Showing posts with label quote. Show all posts
Showing posts with label quote. Show all posts

Saturday, August 11, 2007

Please take off your shoes


I am teaching Asian Religions at the Mission Training Center. This is the reason why I picked Six World Faiths edited by W. Owen Cole. At this point, I don't have any idea who Cole is, but I will find out soon. I haven't done any book review in this blog, but this time I hope I can find the time to review some of the books coming my way. In any case, for now, I just want to share a quote by Max Warren, a famous Secretary of the Church Missionary Society, which Cole cites in his introduction.
Our first task in approaching another people, another culture, another religion is to take off our shoes, for the place we are standing on is holy, else we may find we are treading on men's dream. More serious still, we may forget that God was here before our arrival.

Thursday, August 02, 2007

Quote of the day


"The Spirit of God is called the Holy Spirit because it makes our life here worth something living, not because it is alien and estranged from life.
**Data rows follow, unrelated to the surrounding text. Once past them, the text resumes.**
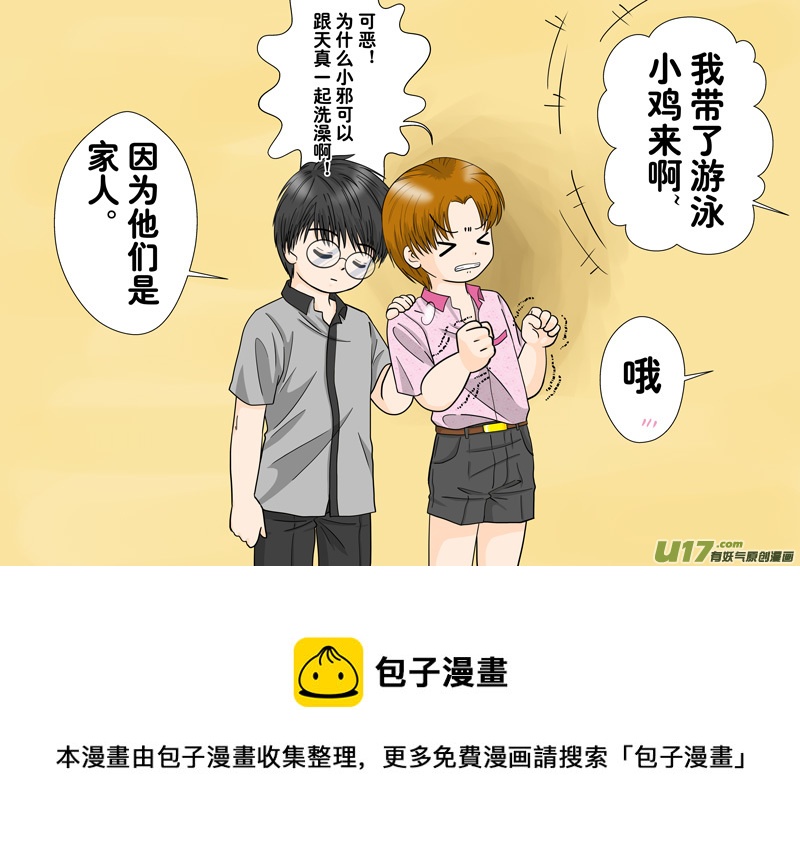 《盗墓随笔记》漫画最新章节正章 105免费下拉式在线观看章节第【6】张图片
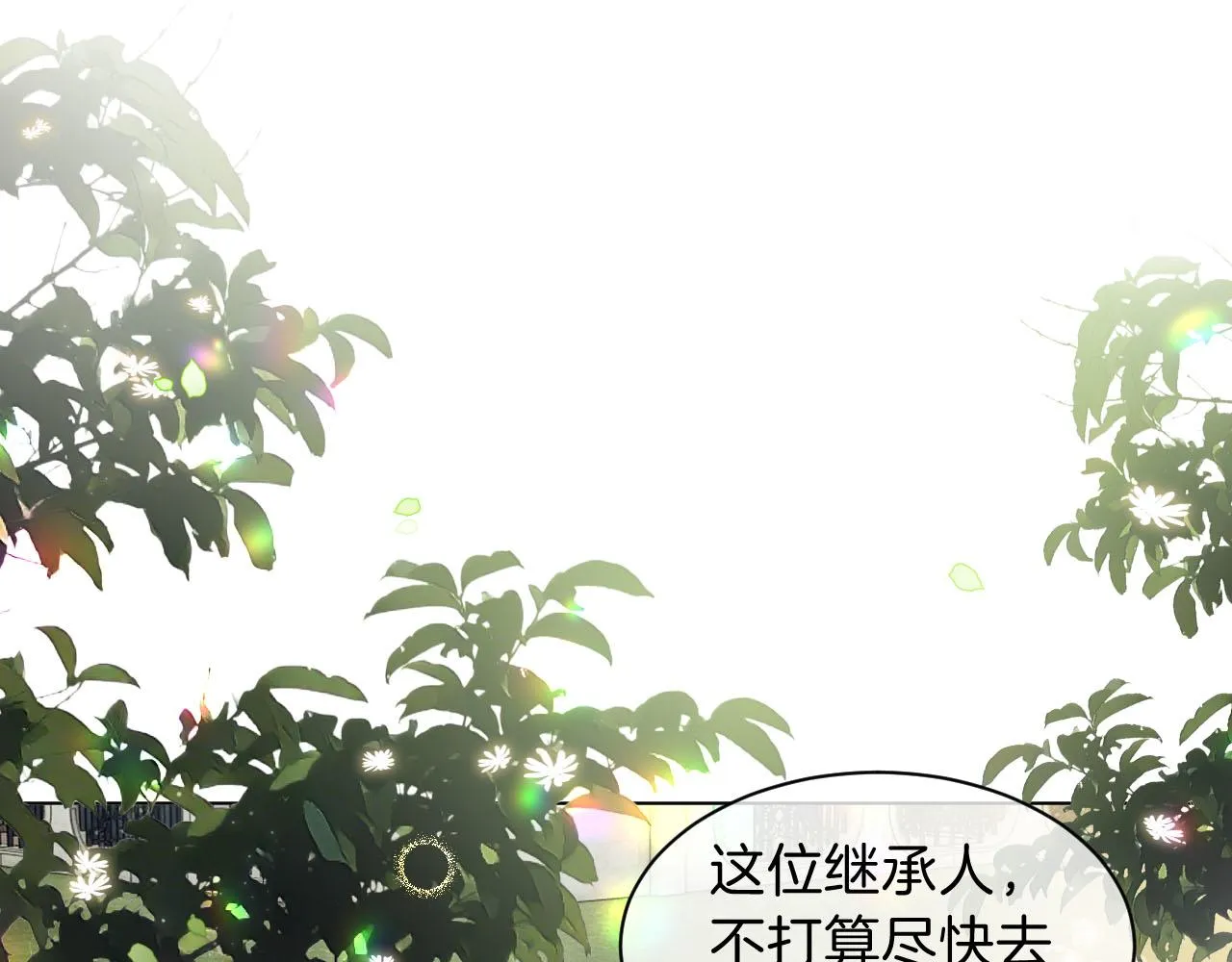 第105话 团宠允允~ 第19页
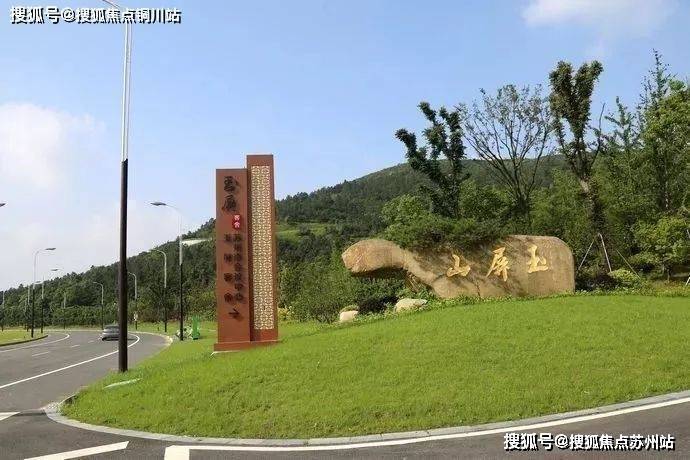 现房别墅金融小镇苏州金融小镇楼盘详情价格户型办公别墅现房销售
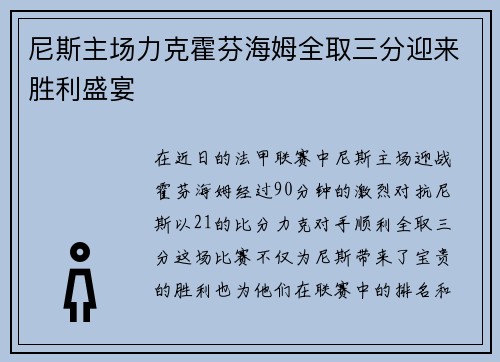 尼斯主场力克霍芬海姆全取三分迎来胜利盛宴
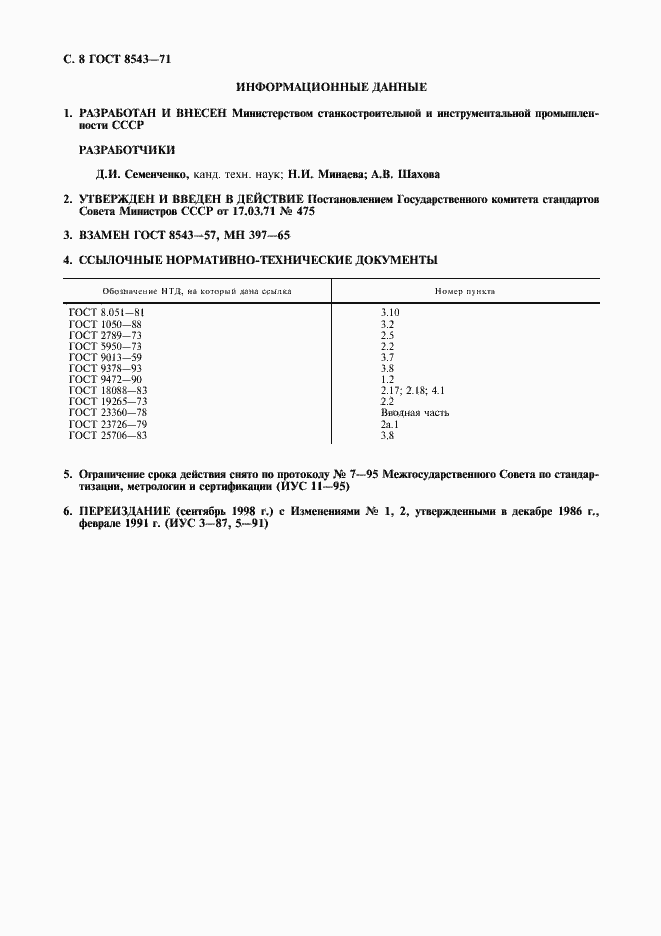 Страница 9 ГОСТ 8543-71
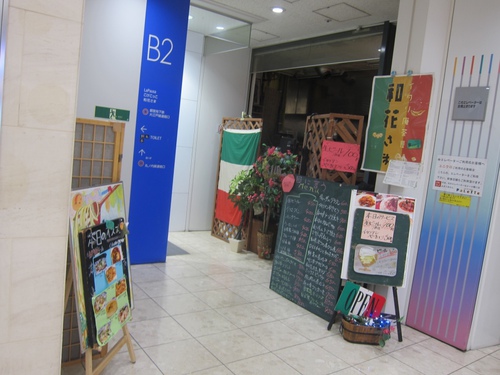 イタリ庵 和花さま (新宿) パスタとワインと。 イタリ庵 和花さま (新宿) パスタとワインと。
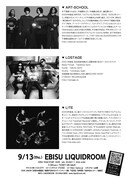 「LIQUIDROOM 14th ANNIVERSARY ART-SCHOOL x LOSTAGE x LITE」フライヤー画像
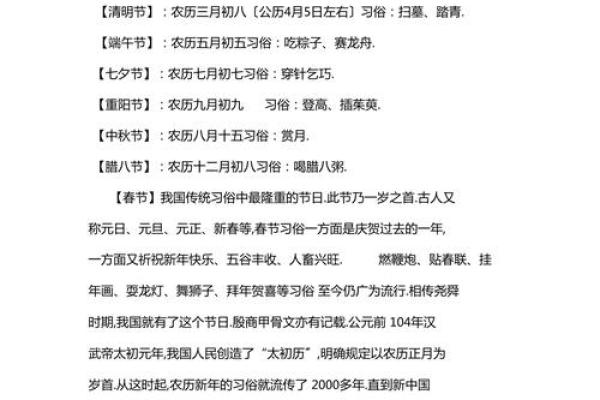 96年农历大放送：盘点那些让人难忘的传统节日习俗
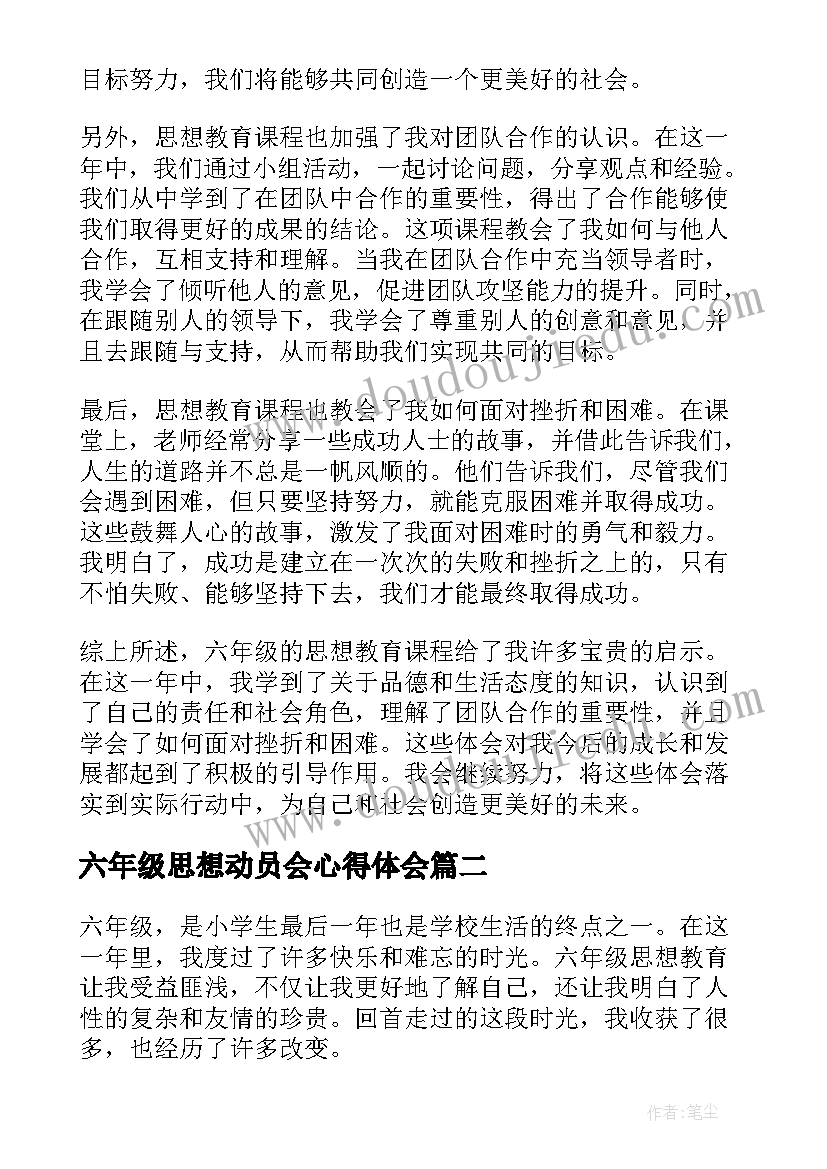 最新六年级思想动员会心得体会 六年级思想教育心得体会(实用5篇)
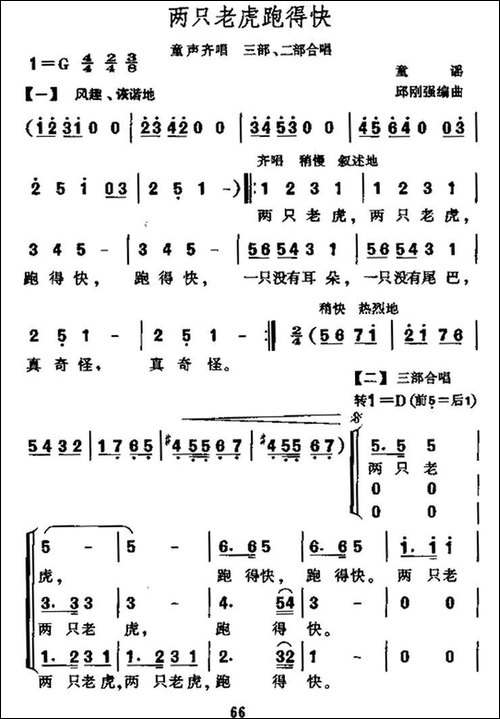 两只老虎跑得快-合唱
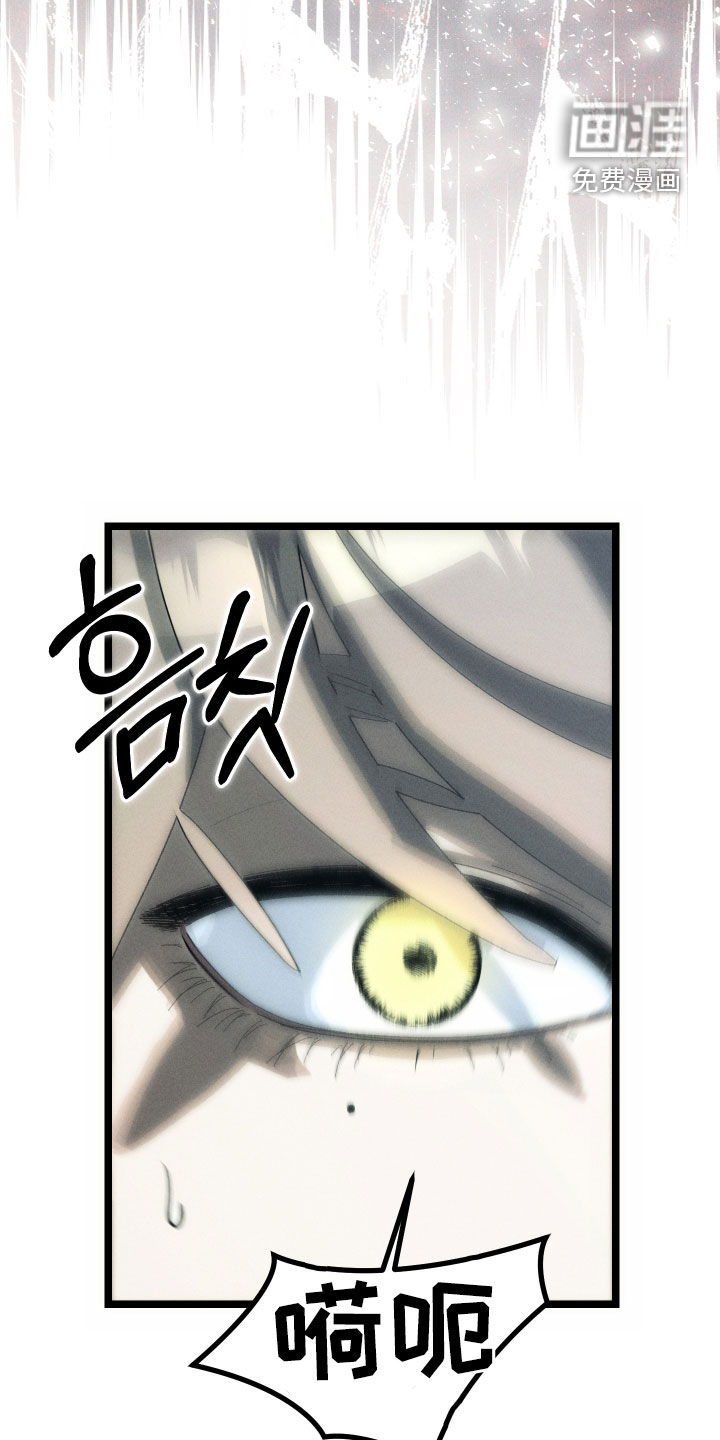 窥秘者漫画-图27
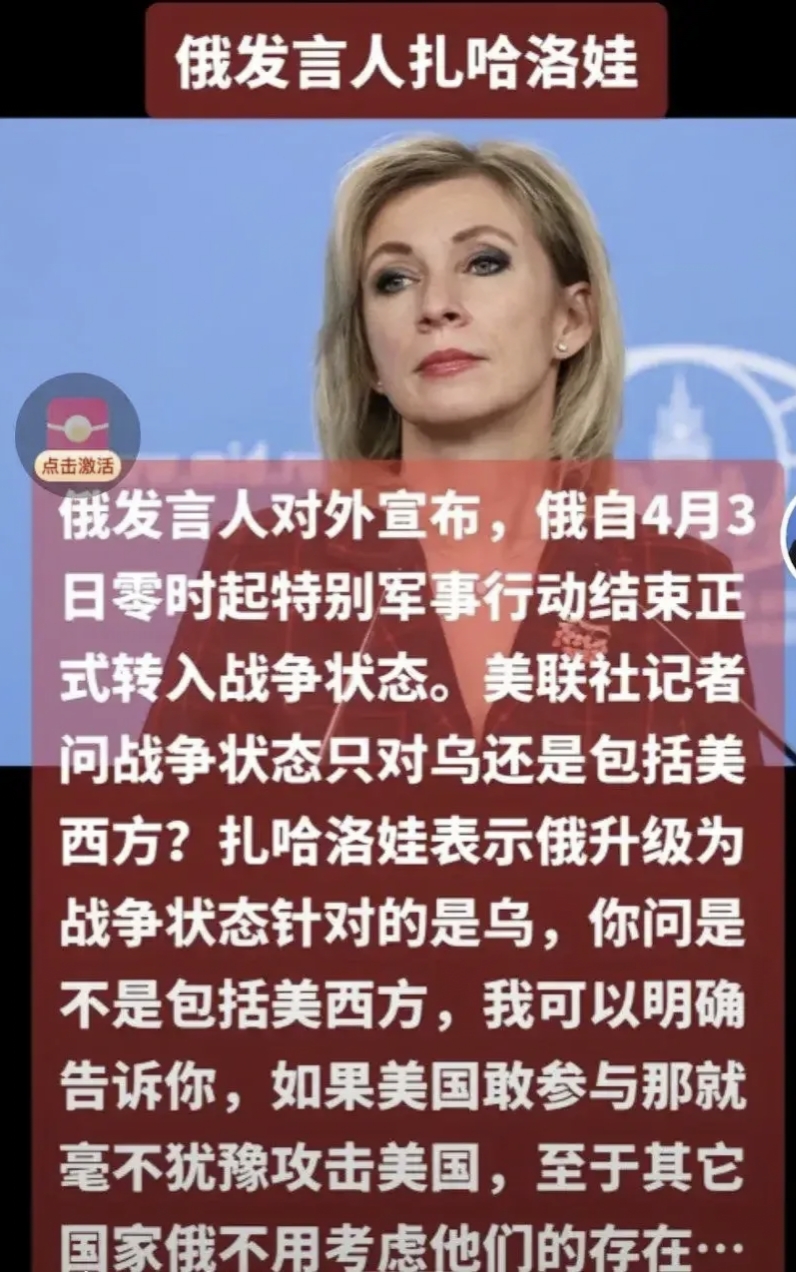 扎哈罗娃：美国在太空领域政策日益具有侵略性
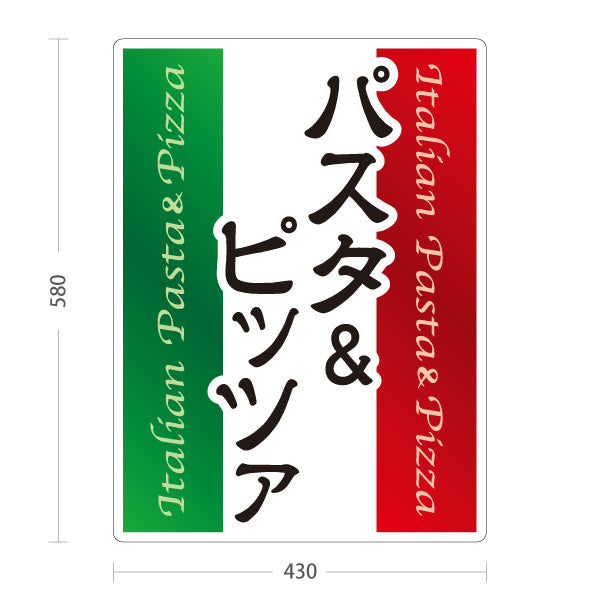 スタンド看板 ノーマルタイプ パスタ＆ピッツァ Italian pasta pizza 屋外使用可 S-10115-7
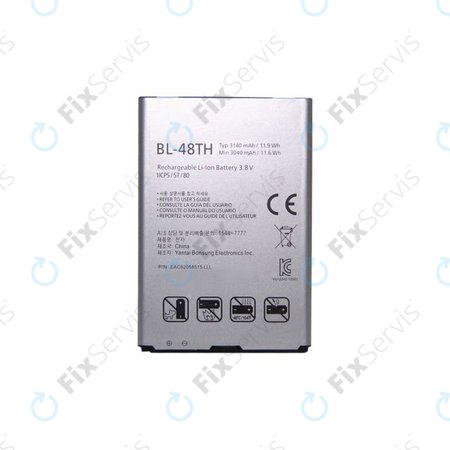 LG Optimus G PRO E986 - Batéria BL-48TH 3140mAh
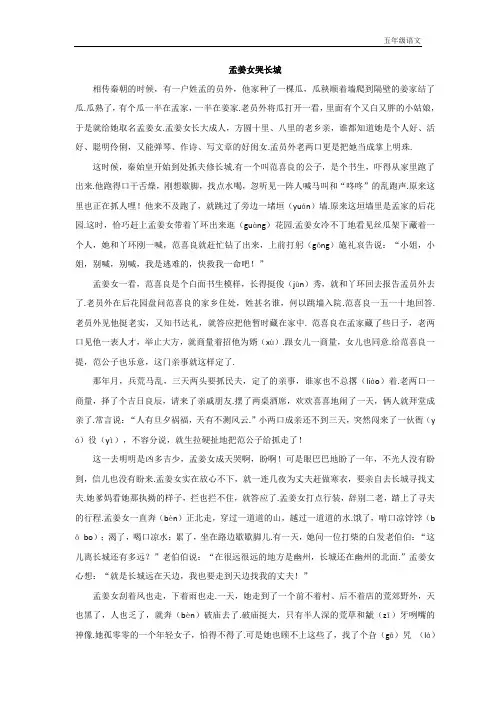 (延伸阅读)孟姜女哭长城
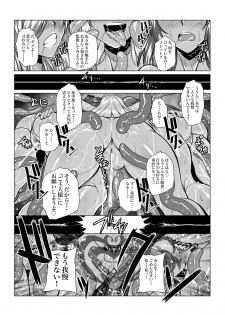 [Fuwa Fuwa Pinkchan] Tales Of DarkSide ~Sazanka~ (Tales of Series) - page 14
The Spirit sets this life in the presence of the living God and int he great river of eternal love... the operations of God's life-giving and life-affirming Spirit are universal and can be recognized in everything which ministers to life and resists its destruction." Jurgen Moltmann, The Spirit of Life, x-xi *The boys are our Pastor's twin sons

Monday, July 30, 2007

Quote of the day



"As for me, Jesus Christ is the scripture, the inviolable scriptures are his cross, death, and resurrection and faith through him."

Ignatius

Tuesday, November 28, 2006

Moltmann on Academic Theology

I started reading Jurgen Moltmann's Experiences in Theology. I agree with Frank it is fun and enjoyable to read and judging from the few pages I had read so far, the book's language is clear and simple but not simplistic. A characteristic very hard to find in a theology book. It is readable compare to Moltmann's early "contributions" to theology. For people like me whose first language is not English this is excellent.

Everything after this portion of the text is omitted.